Il processo penale. Nel 1975 l’orfanotrofio Galletti Abbiosi chiuse i battenti, ufficialmente perché l’immobile aveva bisogno di una ristrutturazione. A quel tempo ospitava solo 5 ragazze e poche suore, ma in 78 anni di vita entrarono e uscirono da quell’istituto 339 bambine.

Il palazzo rimase chiuso fino al 2000 quando, ristrutturato grazie ai fondi speciali per il Giubileo, riaprì come ostello per pellegrini. Nel 2004, siccome i proventi dell’ostello erano ritenuti scarsi, venne trasformato in un vero e proprio albergo, gestito dal 2005 da una società privata, la Ayr di Raffaele Calisesi, che ottenne l’affitto della struttura a un prezzo molto contenuto, rispetto al valore e alla capacità ricettiva. Oggi il Galletti Abbiosi dell’ostello conserva solo il nome: ha soffitti affrescati, una sala riunioni per 60 persone e un’area attrezzata per il fitness. Il minimo che si può spendere per una singola è 49 euro a notte.

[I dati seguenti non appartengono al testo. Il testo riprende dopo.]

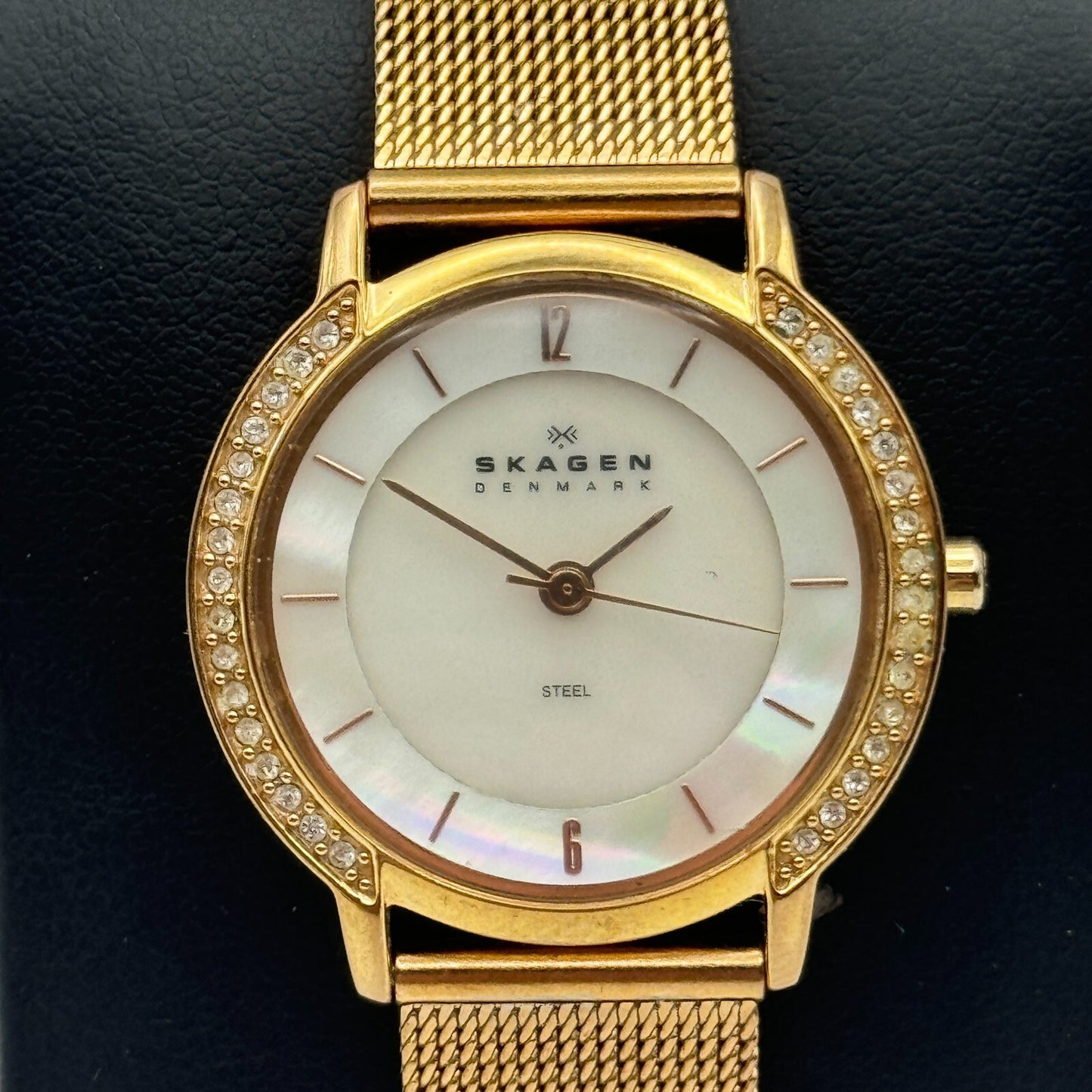 28mm Working Skagen Denmark 804SRR Steel Rose Gold Tone MOP Quartz Watch 8 Inch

I reati ipotizzati dalla Procura di Ravenna, che ha iscritto nel registro degli indagati il vescovo Verucchi, assieme a monsignor Guido Marchetti, tesoriere della curia e a Calisesi, sono malversazione ai danni dello Stato e falso ideologico. I fondi del Giubileo, stando ai vincoli posti dalla normativa, avrebbero dovuto essere impiegati per ristrutturare l’ex orfanotrofio in vista di una sua utilizzazione prima come ostello per pellegrini, poi come residenza universitaria a prezzi agevolati.

Nel gennaio del 2007 l’Ayr e il Comune firmarono una convenzione per la gestione della struttura ricettiva da parte di privati. L’ultimo passo avvenne, nel luglio del 2009, con l’approvazione in consiglio comunale della variante al regolamento urbanistico edilizio, che rese possibile aumentare in via di Roma il numero di hotel presenti. Si trattò in sostanza del passaggio tecnico-amministrativo che permise alla struttura di diventare un albergo, senza violare le pianificazioni commerciali e urbanistiche in vigore.

Il secondo reato ipotizzato dalla procura, ossia il falso ideologico, si fonda sulla richiesta della fondazione, avanzata il 22 giugno 2007 al Comune, di cambiare la destinazione d’uso dell’ex orfanotrofio da edificio per edilizia sociale a immobile destinato a struttura ricettiva-alberghiera.